A major obstacle in classifying digital business models is that many are still evolving, changing rapidly and dynamically (Wang and Chan, 2003). Evolving digital business models may render the taxonomy of today obsolete tomorrow. Those wanting to understand the range of perspectives on businesses models are advised to step back from the business activity itself to look at the basis and the underlying characteristics that make commerce in the product or service possible (Chaharbaghi et al., 2003). These scholars argue that an essential first step is to acknowledge the models we employ are rooted in the underlying assumptions and context that govern their creation: ‘‘It is this relationship that determines the meaning, legitimacy and impact of models’’ (2003, p. 372). They observe business model waves which they liken to Kuhnian paradigmatic shifts, where ‘‘a series of peaceful interludes [is] punctuated by intellectually violent revolutions’’ (Kuhn, 1996). They note that in both science and business one conceptual worldview periodically replaces another and that, ‘‘as with all successful business model waves, what emerges is a view on how best to conduct business, an ideal, which promises a panacea to current business developments and pressing problems’’ (Chaharbarghi et al., 2003, p. 372).
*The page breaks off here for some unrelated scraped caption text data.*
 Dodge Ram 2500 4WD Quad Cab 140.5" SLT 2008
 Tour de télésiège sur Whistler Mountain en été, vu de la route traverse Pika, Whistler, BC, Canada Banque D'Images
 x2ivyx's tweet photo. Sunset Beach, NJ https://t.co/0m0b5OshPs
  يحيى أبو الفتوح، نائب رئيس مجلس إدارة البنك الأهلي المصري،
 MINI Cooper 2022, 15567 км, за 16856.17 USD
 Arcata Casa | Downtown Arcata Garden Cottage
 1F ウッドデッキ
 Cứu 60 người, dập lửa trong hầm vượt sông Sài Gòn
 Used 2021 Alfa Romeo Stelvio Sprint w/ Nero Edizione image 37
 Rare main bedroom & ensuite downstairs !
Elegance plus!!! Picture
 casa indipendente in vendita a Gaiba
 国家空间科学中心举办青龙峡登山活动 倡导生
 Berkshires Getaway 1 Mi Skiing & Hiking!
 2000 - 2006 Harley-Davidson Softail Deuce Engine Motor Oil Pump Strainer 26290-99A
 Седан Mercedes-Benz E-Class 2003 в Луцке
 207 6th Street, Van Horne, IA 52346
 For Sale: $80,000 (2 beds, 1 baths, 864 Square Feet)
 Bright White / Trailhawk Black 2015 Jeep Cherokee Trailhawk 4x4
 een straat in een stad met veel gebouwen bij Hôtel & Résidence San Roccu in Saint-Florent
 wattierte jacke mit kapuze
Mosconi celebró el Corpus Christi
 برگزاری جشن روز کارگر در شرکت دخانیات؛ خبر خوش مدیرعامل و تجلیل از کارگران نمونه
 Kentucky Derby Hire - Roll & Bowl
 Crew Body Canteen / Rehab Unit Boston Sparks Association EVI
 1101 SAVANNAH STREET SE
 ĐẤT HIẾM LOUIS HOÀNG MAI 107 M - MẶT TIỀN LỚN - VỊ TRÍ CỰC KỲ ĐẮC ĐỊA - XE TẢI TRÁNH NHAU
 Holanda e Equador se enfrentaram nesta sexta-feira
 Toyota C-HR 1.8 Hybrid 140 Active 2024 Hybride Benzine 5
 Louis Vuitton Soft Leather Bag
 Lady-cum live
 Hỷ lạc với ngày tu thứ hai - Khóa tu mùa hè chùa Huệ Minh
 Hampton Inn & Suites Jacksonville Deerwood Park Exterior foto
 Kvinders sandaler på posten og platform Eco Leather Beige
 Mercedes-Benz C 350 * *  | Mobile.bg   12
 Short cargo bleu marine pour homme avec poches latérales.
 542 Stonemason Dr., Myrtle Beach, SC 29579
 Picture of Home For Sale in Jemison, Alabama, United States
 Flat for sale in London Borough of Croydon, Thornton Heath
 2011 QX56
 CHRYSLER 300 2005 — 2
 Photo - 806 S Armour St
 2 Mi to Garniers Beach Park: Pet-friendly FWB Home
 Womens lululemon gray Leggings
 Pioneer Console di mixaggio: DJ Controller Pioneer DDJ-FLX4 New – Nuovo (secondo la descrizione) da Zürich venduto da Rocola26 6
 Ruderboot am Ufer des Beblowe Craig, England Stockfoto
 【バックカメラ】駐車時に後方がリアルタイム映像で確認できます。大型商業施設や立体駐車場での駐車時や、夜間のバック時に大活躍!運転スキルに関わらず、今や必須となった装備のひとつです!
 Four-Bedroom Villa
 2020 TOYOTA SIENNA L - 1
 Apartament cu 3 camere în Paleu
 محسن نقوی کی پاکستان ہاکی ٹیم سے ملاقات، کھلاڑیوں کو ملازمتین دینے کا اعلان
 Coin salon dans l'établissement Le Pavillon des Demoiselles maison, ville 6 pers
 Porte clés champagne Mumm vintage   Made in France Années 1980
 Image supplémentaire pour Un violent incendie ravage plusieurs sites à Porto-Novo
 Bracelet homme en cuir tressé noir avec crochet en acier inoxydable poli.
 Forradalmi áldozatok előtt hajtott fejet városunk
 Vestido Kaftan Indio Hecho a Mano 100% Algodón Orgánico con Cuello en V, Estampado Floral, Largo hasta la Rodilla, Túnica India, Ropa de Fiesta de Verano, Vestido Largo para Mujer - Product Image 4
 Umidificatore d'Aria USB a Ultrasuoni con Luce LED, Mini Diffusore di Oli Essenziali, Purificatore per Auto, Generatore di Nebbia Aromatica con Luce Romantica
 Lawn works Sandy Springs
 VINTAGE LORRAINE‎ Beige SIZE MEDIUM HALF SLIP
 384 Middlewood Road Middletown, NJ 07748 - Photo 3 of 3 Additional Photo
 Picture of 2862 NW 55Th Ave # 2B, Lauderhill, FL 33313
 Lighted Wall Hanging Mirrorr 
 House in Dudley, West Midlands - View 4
Against that background, they propose a meta business model consisting of three interrelated strands: (1) the way of thinking; (2) the operational system; and (3) the capacity for value creation. The researchers caution that while the distinction of each is essential for explaining the concept of business, using each of these strands ‘‘will lead to a dead end’’ (Chaharbarghi et al., 2003, p. 375).
With that in mind, an exploration of the changing business models of newspapers would need to consider not only the activities in which the companies are engaged, but also the mindsets that inform them and how the context influences the outcomes of those efforts.